**Task statement**. Only some lines are wanted. Transcribe, exactly, the lines below from the line with "Fabric Bunion Corrector" up to and including the line with "Форд Ф-150 2019".
■ ■ ■ ■ ■
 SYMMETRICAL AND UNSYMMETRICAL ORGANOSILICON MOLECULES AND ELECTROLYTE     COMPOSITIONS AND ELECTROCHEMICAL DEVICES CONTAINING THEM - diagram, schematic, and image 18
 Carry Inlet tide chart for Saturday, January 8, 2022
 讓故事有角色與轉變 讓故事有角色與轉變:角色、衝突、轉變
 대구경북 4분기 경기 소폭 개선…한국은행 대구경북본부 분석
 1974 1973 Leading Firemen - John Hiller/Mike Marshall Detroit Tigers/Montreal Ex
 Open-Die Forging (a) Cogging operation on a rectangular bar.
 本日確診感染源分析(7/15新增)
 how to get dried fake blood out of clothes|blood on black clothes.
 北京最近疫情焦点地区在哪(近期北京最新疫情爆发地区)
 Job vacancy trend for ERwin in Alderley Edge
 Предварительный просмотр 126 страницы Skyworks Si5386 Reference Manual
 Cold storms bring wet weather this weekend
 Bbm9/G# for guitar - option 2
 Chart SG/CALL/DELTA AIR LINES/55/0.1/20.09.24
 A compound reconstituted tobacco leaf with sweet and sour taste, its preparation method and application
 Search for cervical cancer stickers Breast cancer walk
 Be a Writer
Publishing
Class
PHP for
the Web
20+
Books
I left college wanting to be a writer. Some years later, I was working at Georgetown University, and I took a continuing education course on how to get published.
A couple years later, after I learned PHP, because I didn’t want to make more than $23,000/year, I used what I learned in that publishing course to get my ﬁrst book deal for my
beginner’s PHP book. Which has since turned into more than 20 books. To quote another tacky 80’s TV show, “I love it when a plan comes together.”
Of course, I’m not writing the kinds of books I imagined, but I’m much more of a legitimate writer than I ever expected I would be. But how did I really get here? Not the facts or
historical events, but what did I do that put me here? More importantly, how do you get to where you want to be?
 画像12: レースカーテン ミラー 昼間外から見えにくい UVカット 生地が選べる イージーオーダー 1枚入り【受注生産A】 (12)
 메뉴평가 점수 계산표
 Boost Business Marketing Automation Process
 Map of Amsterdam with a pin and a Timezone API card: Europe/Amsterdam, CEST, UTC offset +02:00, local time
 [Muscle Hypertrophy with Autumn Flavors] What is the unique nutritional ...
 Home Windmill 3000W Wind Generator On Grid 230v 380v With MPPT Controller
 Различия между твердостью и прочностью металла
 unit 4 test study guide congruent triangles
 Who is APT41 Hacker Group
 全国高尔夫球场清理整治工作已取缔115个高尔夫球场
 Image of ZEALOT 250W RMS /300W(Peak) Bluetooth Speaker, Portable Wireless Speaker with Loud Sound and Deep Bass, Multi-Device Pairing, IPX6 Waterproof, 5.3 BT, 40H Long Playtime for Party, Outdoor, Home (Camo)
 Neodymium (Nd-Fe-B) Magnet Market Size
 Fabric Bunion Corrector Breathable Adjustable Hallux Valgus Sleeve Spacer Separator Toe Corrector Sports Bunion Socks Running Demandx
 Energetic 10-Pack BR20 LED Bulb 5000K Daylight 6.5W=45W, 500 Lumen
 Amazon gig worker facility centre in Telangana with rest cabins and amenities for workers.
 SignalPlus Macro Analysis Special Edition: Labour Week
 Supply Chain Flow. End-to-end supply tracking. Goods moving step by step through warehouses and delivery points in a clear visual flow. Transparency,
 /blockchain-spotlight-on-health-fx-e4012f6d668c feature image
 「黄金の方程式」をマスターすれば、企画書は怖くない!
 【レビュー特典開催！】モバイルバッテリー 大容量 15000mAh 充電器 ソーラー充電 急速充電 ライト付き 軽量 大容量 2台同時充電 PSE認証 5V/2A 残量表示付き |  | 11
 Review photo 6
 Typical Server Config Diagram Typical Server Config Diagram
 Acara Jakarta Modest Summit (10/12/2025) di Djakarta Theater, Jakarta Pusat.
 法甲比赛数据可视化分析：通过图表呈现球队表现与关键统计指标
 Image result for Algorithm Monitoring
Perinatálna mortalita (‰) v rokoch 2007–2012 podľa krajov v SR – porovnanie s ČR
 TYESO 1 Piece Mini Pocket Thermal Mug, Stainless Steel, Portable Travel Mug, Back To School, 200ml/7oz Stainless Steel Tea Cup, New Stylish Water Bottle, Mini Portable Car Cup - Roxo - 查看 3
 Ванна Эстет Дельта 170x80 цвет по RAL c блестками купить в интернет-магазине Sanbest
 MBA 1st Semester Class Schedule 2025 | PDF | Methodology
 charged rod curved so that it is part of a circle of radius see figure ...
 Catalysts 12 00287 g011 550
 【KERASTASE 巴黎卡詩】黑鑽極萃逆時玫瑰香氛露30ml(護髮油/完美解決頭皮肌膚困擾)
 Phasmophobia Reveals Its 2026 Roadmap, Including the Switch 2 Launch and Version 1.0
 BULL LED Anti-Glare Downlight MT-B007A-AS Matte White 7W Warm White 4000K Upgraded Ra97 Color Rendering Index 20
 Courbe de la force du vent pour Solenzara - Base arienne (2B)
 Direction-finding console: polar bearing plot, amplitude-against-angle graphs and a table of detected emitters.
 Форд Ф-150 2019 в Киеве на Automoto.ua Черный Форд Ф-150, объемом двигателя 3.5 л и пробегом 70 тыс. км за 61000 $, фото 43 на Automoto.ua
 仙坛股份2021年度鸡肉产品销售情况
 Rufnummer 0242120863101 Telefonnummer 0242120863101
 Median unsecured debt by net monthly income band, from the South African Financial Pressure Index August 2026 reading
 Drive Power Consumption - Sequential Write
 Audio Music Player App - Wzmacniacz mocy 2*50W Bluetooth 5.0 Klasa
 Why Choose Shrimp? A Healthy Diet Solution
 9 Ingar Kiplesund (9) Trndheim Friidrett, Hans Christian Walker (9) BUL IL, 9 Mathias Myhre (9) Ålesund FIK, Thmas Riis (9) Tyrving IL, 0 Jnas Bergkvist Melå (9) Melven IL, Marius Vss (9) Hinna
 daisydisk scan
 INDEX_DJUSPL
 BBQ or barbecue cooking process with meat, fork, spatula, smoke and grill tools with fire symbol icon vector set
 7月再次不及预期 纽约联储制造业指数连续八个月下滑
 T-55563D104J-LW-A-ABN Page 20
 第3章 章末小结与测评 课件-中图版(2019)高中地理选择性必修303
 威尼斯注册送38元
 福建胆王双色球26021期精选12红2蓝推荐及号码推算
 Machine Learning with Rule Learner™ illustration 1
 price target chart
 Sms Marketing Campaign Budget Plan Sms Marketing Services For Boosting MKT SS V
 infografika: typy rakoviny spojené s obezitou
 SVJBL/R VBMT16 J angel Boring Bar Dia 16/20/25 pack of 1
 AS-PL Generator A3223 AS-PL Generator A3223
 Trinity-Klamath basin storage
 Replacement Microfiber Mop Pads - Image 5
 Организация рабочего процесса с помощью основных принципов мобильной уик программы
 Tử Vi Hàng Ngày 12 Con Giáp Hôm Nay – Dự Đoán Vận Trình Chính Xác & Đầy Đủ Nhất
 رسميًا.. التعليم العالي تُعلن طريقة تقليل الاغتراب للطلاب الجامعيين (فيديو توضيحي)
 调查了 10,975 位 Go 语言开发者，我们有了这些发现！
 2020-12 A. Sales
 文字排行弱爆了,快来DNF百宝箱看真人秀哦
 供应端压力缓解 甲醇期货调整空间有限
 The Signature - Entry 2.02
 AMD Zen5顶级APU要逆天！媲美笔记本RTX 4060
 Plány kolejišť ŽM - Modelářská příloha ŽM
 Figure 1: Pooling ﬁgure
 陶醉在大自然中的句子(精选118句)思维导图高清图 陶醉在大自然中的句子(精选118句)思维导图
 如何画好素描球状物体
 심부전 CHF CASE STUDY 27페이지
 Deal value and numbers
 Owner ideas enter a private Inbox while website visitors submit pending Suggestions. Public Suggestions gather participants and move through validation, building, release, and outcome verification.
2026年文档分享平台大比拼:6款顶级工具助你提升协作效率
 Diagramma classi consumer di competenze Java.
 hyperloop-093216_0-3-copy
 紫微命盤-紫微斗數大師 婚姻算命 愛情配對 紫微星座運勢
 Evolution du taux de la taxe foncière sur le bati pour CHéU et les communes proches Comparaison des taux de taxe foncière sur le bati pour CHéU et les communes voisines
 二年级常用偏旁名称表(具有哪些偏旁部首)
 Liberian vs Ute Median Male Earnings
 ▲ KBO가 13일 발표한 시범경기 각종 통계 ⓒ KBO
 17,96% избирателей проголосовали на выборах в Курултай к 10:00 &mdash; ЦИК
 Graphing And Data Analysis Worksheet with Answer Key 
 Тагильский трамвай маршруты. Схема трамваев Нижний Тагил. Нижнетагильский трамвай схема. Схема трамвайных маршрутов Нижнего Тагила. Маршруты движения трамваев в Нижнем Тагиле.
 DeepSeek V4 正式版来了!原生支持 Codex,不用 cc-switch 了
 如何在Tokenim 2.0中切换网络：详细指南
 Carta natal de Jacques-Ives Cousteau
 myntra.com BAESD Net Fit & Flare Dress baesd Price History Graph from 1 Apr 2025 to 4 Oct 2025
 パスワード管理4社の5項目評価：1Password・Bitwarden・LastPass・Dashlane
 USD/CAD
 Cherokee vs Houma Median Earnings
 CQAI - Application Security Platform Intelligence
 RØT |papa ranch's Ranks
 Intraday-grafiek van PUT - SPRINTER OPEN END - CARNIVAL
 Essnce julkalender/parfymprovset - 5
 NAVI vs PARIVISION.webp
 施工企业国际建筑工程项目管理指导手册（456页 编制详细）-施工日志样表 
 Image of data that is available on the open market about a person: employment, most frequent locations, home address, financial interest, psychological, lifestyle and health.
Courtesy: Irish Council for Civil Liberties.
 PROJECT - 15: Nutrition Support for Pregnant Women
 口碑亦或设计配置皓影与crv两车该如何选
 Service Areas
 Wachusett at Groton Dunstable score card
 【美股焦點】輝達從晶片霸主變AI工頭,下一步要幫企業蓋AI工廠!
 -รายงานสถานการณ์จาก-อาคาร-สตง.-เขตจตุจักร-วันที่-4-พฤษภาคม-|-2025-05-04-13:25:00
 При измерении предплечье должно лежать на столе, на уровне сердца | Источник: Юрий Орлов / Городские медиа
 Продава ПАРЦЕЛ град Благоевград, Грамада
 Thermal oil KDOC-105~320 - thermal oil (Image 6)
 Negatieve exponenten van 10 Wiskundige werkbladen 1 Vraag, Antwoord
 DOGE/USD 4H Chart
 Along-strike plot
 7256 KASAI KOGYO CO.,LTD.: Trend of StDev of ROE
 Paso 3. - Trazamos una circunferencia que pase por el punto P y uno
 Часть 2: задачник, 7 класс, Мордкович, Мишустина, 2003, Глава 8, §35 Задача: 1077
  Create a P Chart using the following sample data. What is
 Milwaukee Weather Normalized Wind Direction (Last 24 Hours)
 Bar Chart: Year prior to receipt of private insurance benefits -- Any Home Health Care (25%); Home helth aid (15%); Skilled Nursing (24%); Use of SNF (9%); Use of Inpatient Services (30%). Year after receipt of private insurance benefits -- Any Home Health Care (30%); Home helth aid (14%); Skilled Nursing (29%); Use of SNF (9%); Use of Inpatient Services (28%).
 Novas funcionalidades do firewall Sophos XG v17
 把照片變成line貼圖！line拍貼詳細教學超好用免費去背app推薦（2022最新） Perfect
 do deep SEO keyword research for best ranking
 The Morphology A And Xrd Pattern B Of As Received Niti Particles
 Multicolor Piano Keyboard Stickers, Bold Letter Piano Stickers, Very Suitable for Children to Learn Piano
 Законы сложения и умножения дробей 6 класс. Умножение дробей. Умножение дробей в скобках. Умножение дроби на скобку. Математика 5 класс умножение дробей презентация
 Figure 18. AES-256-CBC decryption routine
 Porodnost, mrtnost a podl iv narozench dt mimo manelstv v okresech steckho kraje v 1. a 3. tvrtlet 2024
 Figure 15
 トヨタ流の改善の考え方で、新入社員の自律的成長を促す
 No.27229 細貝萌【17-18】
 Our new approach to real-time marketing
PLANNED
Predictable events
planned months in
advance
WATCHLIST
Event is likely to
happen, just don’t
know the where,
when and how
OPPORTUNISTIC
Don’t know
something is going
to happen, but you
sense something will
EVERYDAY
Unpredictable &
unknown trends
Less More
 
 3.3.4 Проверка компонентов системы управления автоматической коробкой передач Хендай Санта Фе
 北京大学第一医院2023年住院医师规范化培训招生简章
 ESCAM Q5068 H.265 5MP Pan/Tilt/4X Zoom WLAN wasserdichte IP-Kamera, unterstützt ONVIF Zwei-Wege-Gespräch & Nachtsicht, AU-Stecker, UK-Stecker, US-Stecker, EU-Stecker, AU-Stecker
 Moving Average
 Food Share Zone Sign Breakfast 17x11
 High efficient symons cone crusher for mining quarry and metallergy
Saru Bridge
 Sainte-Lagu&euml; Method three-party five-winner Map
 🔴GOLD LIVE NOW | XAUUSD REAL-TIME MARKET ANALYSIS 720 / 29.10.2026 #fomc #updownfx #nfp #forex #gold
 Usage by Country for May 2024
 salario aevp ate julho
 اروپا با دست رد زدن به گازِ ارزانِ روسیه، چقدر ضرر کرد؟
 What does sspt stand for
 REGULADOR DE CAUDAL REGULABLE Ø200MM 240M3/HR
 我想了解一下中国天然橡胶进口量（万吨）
■ ■ ■ ■ ■
**Response below**.
 Fabric Bunion Corrector Breathable Adjustable Hallux Valgus Sleeve Spacer Separator Toe Corrector Sports Bunion Socks Running Demandx
 Energetic 10-Pack BR20 LED Bulb 5000K Daylight 6.5W=45W, 500 Lumen
 Amazon gig worker facility centre in Telangana with rest cabins and amenities for workers.
 SignalPlus Macro Analysis Special Edition: Labour Week
 Supply Chain Flow. End-to-end supply tracking. Goods moving step by step through warehouses and delivery points in a clear visual flow. Transparency,
 /blockchain-spotlight-on-health-fx-e4012f6d668c feature image
 「黄金の方程式」をマスターすれば、企画書は怖くない!
 【レビュー特典開催！】モバイルバッテリー 大容量 15000mAh 充電器 ソーラー充電 急速充電 ライト付き 軽量 大容量 2台同時充電 PSE認証 5V/2A 残量表示付き |  | 11
 Review photo 6
 Typical Server Config Diagram Typical Server Config Diagram
 Acara Jakarta Modest Summit (10/12/2025) di Djakarta Theater, Jakarta Pusat.
 法甲比赛数据可视化分析：通过图表呈现球队表现与关键统计指标
 Image result for Algorithm Monitoring
Perinatálna mortalita (‰) v rokoch 2007–2012 podľa krajov v SR – porovnanie s ČR
 TYESO 1 Piece Mini Pocket Thermal Mug, Stainless Steel, Portable Travel Mug, Back To School, 200ml/7oz Stainless Steel Tea Cup, New Stylish Water Bottle, Mini Portable Car Cup - Roxo - 查看 3
 Ванна Эстет Дельта 170x80 цвет по RAL c блестками купить в интернет-магазине Sanbest
 MBA 1st Semester Class Schedule 2025 | PDF | Methodology
 charged rod curved so that it is part of a circle of radius see figure ...
 Catalysts 12 00287 g011 550
 【KERASTASE 巴黎卡詩】黑鑽極萃逆時玫瑰香氛露30ml(護髮油/完美解決頭皮肌膚困擾)
 Phasmophobia Reveals Its 2026 Roadmap, Including the Switch 2 Launch and Version 1.0
 BULL LED Anti-Glare Downlight MT-B007A-AS Matte White 7W Warm White 4000K Upgraded Ra97 Color Rendering Index 20
 Courbe de la force du vent pour Solenzara - Base arienne (2B)
 Direction-finding console: polar bearing plot, amplitude-against-angle graphs and a table of detected emitters.
 Форд Ф-150 2019 в Киеве на Automoto.ua Черный Форд Ф-150, объемом двигателя 3.5 л и пробегом 70 тыс. км за 61000 $, фото 43 на Automoto.ua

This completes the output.